• I remember when we first met. You were young and I was young. The leaders of the youth nation we created in our heads. We went from being born alone in that tiny trailer park to having the world in our palms; our very tiny palms that knew nothing of the world and its evils.

    You were playing on the swing. Instead of your bottom in the seat you had your tummy on the flat plastic. You were gently twisting around, bored, with your finger dragging in the dirt where years of children’s feet had killed the grass and frightened it from returning. I wanted to be your friend the moment I saw you. You had this glow about you. As I child of naivety I didn’t know this was attraction. I was nervous. I had never had a friend. I stood staring for a long while. It seemed long anyway. In reality it was only a minute. No more.

    My childish fears of rejection were ended when you smiled at me and asked my name. Kinship began in our brotherhood of missing teeth.

    I couldn’t do the monkey bars. I was too small and weak. I remember you grabbed my legs to help me stay up but we just ended up in a pile of giggling boyhood. We played the rest of the day together until your mother called you in to eat. My mother never called. She would be too busy sleeping on the couch because the amber-colored liquid always made her sleepy.

    The years have passed. Instead of being the kings to our made-up worlds we’re the kings of nostalgia. The riches we receive from our rein couldn’t be more. Now our kids play in the dirt together as our wives sit and gossip about the petty things the nosey neighbor has done this time and we sit sipping our beers.

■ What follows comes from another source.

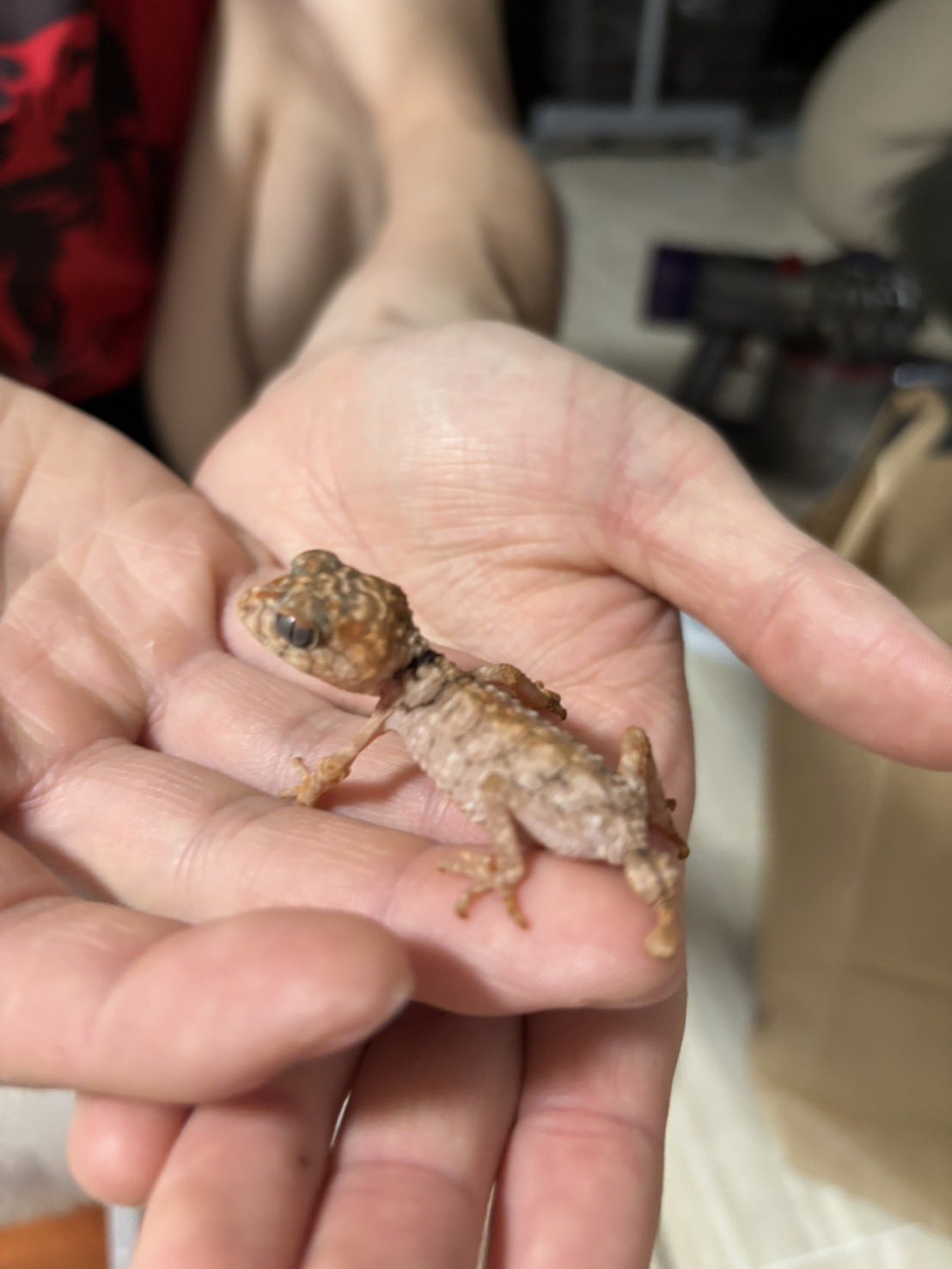 トロピカルネコ 新商品のお知らせ】 – ネイチャーテクニカラー公式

    We laugh about the first time we had beer. We went camping in the woods and had swiped a skin mag from your dad. I stole the beer. That night we were Huckleberry and Finn as we learned what parts on women that men found so God Damn interesting. At that time, we still couldn’t understand.

    Back in reality my child and your child scream out giggles as they fall from the monkey bars in to a pile of giggling boyhood.